Material shown –
Content starts
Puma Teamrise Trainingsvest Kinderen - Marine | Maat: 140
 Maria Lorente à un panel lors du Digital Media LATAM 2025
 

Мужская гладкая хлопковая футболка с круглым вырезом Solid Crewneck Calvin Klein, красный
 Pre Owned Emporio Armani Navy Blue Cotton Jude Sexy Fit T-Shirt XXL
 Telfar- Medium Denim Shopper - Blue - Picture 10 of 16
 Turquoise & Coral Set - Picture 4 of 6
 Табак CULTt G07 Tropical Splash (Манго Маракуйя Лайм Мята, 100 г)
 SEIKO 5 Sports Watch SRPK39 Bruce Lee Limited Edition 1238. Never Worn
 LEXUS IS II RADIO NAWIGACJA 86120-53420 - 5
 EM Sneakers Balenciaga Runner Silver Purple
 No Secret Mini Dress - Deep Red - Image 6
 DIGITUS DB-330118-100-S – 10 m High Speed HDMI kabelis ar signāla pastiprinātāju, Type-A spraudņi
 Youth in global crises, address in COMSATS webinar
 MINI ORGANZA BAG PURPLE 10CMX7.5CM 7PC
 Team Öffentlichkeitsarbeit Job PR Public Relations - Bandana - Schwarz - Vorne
Content ends
Problem to solve –
Each line of the data that includes "Picture" counts once; say how many there are, giving nothing but the number.

Answer below –
2